The latter split can be a matter of temperament, of politics or even of religion. But today it is relevant for another, more urgent reason: It describes how people think about the most critical economic problem in the industrialized world today — the dearth of well- paying middle-class jobs.

The this-time-is-different school attributes a lot of what is happening to the technology revolution. That makes them an intellectually eclectic bunch. On one hand, they include wide-eyed enthusiasts who believe in human progress and in the transformational power of technology. But they also include grim hand-wringers who fear the unprecedented changes may bring unprecedented woes.

That combination of Pollyanna and Cassandra is perfectly embodied in the multifaceted mind of Al Gore. Gore is a longtime fan of the geeks, and in his post-political life he has very nearly become one of them, with his seat on the Apple board and senior partnership with Kleiner Perkins Caufield & Byers, a leading venture capital firm in Silicon Valley.

It thus comes as no surprise that in his new book, “The Future,” Gore foresees a world of “hyper-change” in which the technology revolution is “carrying us with it at a speed beyond our imagining toward ever newer technologically shaped realities that often appear, in the words of Arthur C. Clarke, ‘indistinguishable from magic.’”

But Gore has also always been part Savonarola — remember the campaign of his estranged wife, Tipper, against music with “profane language” — and his conviction that this time is different has a sharp edge. In “The Future,” Gore admits that the Luddites, who feared that the Industrial Revolution would create structural unemployment, were wrong: “The new jobs that emerged in factories not only outnumbered those lost on farms but produced higher incomes, even as farms became far more productive and food prices sharply declined.”

Yet he warns that there is no guarantee history will repeat itself. In particular, Gore worries that thanks to the technology revolution, the traditional link between rising productivity and a rising standard of living for the middle class has been broken. He fears that severed link may be causing the economic slowdown in the developed economies: A weakened middle class lacks the spending power to drive growth.

One of the smartest academics studying this phenomenon is Erik Brynjolfsson, a management professor at the Massachusetts Institute of Technology. Brynjolfsson, who co-wrote the new book “Race Against the Machine,” also believes the technology revolution is having a powerful and unprecedented impact.

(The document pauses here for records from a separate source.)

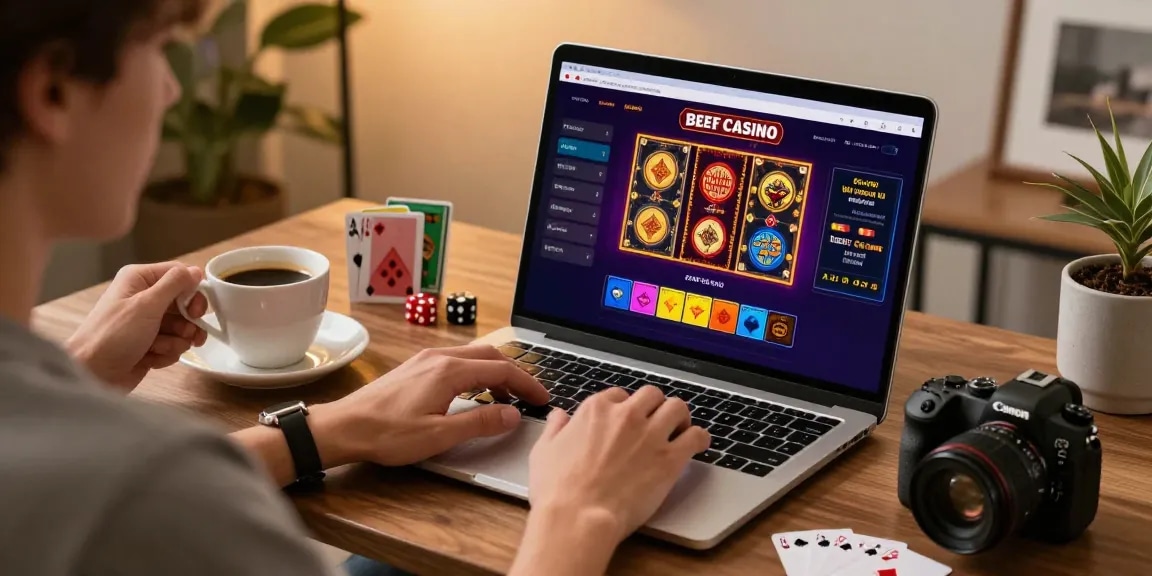 Beef Casino Spieler genießt das Online-Gaming auf einem Laptop in einem modernen Zuhause.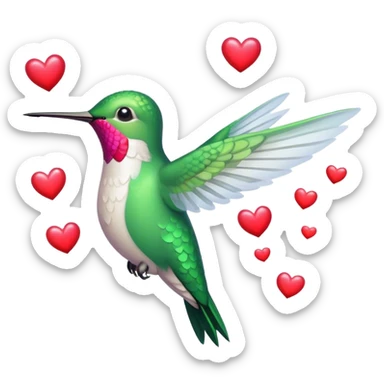 Hummingbird with floating hearts sticker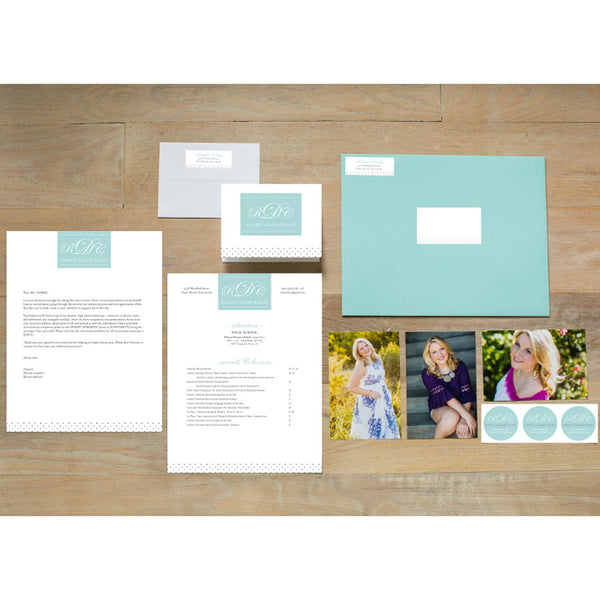 Monogram Block sorority packet shown with Pool presentation envelope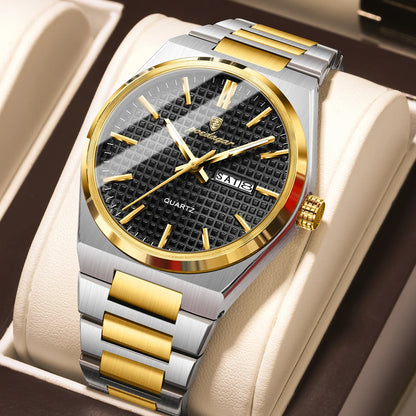 Reloj de pulsera de lujo para hombre POEDAGAR, resistente al agua, luminiscente, de acero inoxidable, con fecha y día de la semana, de cuarzo, estilo ejecutivo.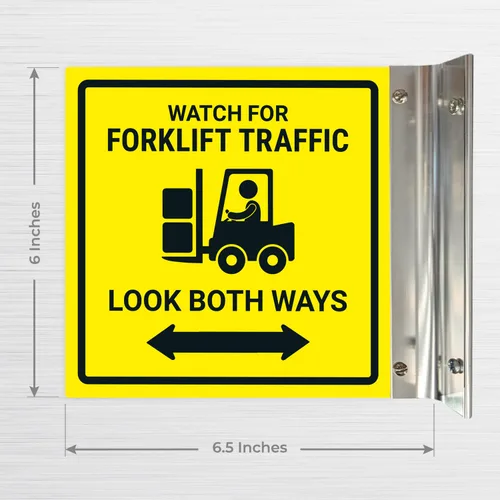 Miniatura 6 de Reloj para carretilla elevadora Tráfico Look Both Ways Projecting Sign, doble cara, 6x6 pulgadas, ACM, con accesorio de níquel cepillado, fabricado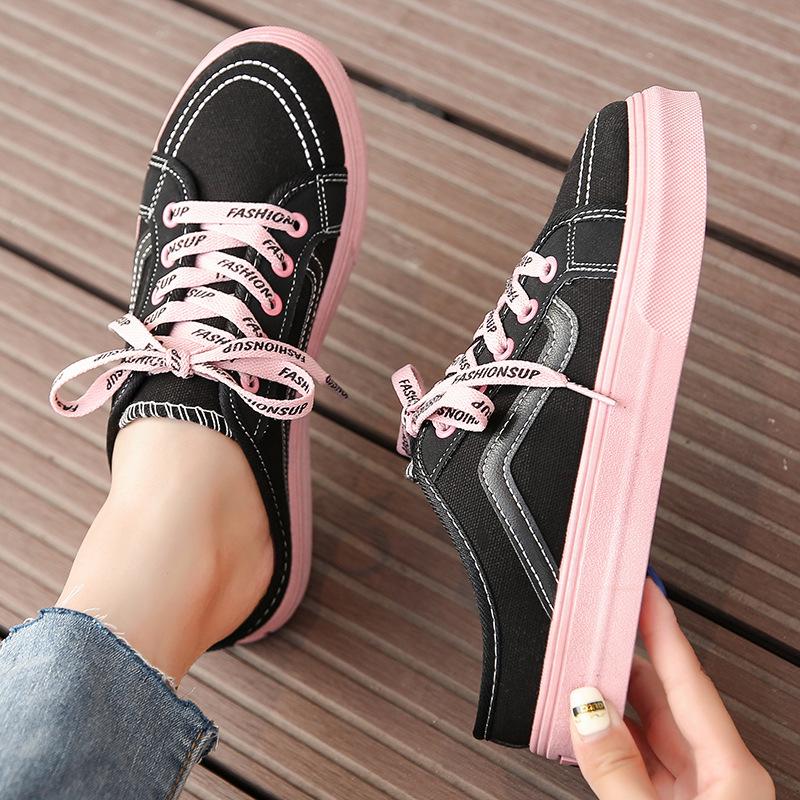 Details about Female Retro One Pedal Lazy Board Shoes Korean Canvas Flat Shoes Hong Kong Loafe Details about Female Retro One Pedal Lazy Board Shoes Korean Canvas Flat Shoes Hong Kong Loafe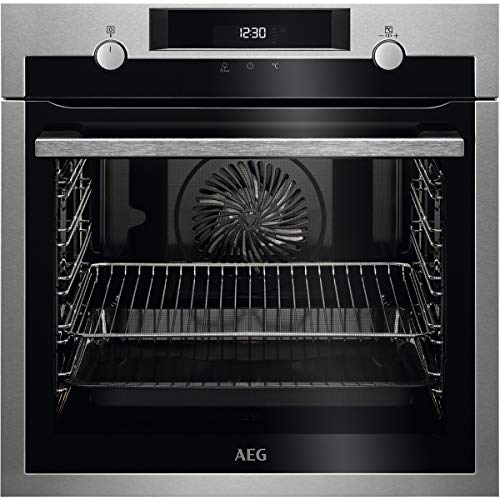 AEG BPE535120M Horno Multifunción con Limpieza Pirolítico, 10 funciones, Cocción Uniforme, Ventilador XXL, Mandos escamoteables, Pantalla LCD táctil, Inox, Clase A+, 71 Litros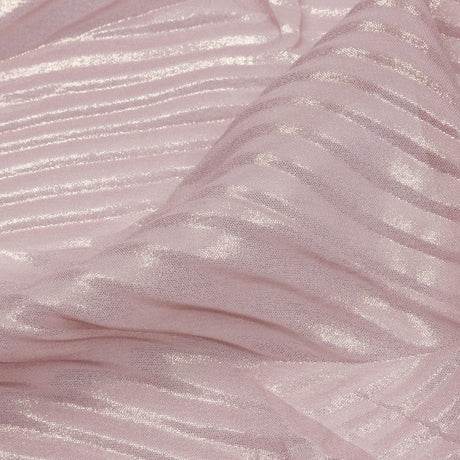 Polyester Chiffon with Abstract Pleats and Gold Foil - Mauve - Melia Collection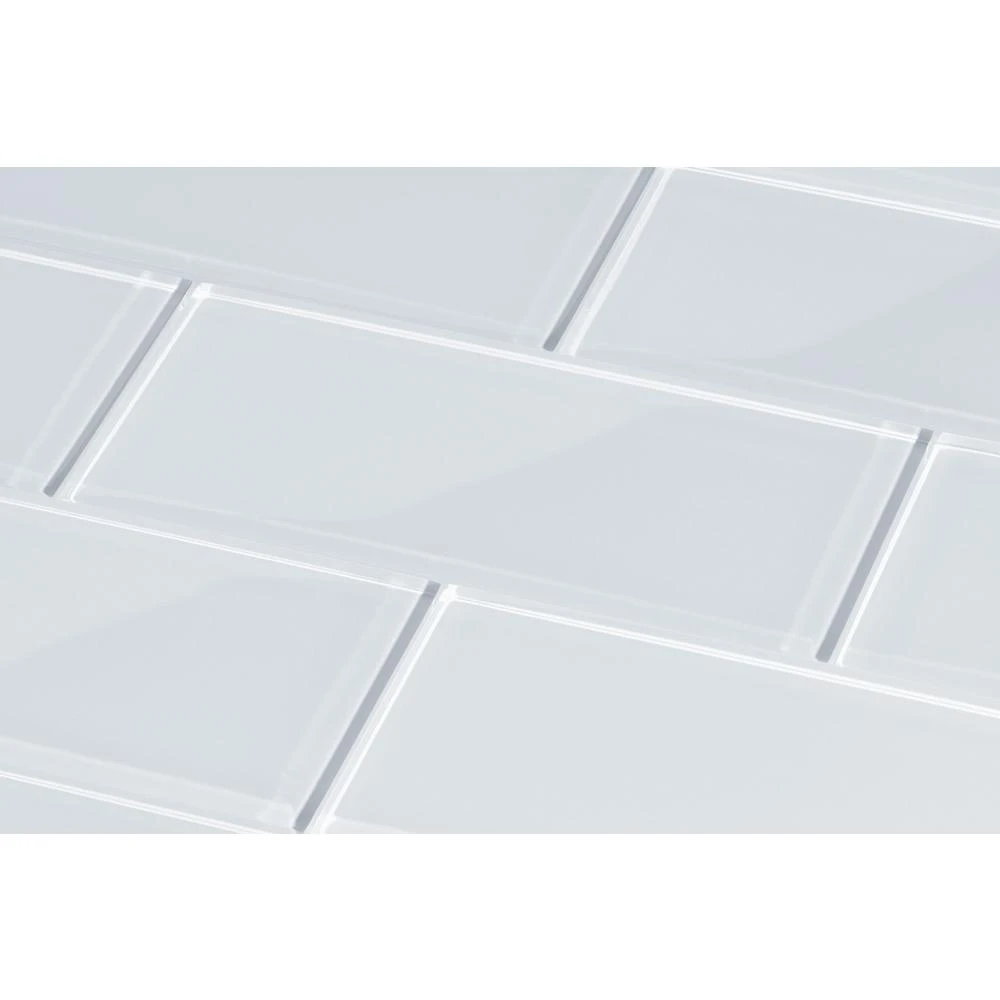 Giorbello Cool White 3 In. X 6 In. X 8mm Glass Subway Wall Tile (5.5 Sq. Ft./Case) - Image 2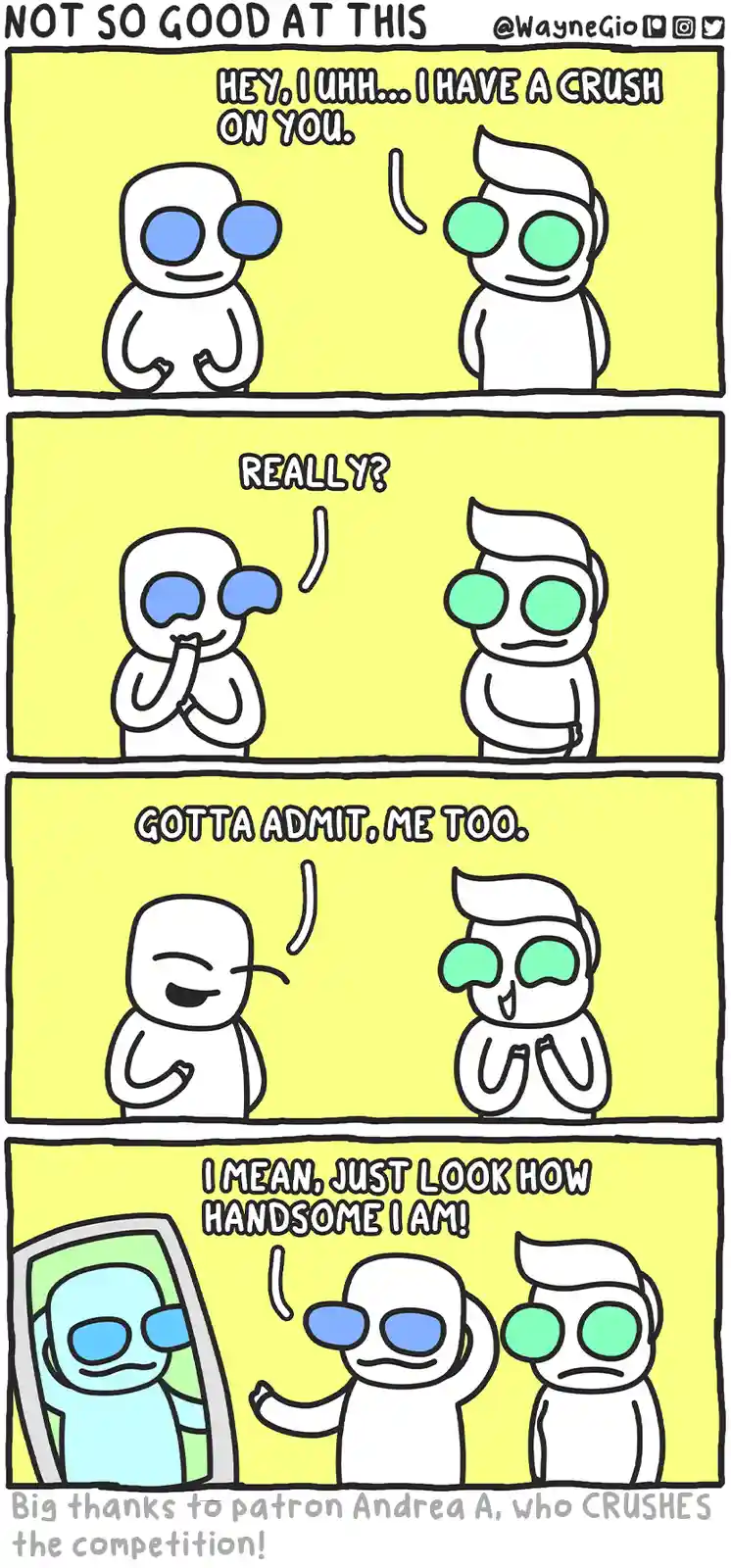 A four-panel comic shows two cartoon characters, one with blue eyes and one with green eyes, having a conversation about a…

“Most of the debate in Washington is really playing small ball and is missing the tectonic changes in the way the economy works, which are driven by technology,” he said recently. “This is the big story of our time, and it is going to accelerate over the next 10 years.”

Like Gore, Brynjolfsson thinks the canary in the coal mine is the decoupling of gains in productivity and in wages. “Productivity since 2000 has grown faster than in the ’70s, ’80s or ’90s,” he said. “But starting in the late 1990s, we’ve had this decoupling of wages from productivity.”

Brynjolfsson believes this break is a historic watershed. “There have been big economic changes in the past, but productivity and jobs tracked each other pretty closely,” he said. “It is only since 1997 that they decoupled. There is no economic law that says they go together.”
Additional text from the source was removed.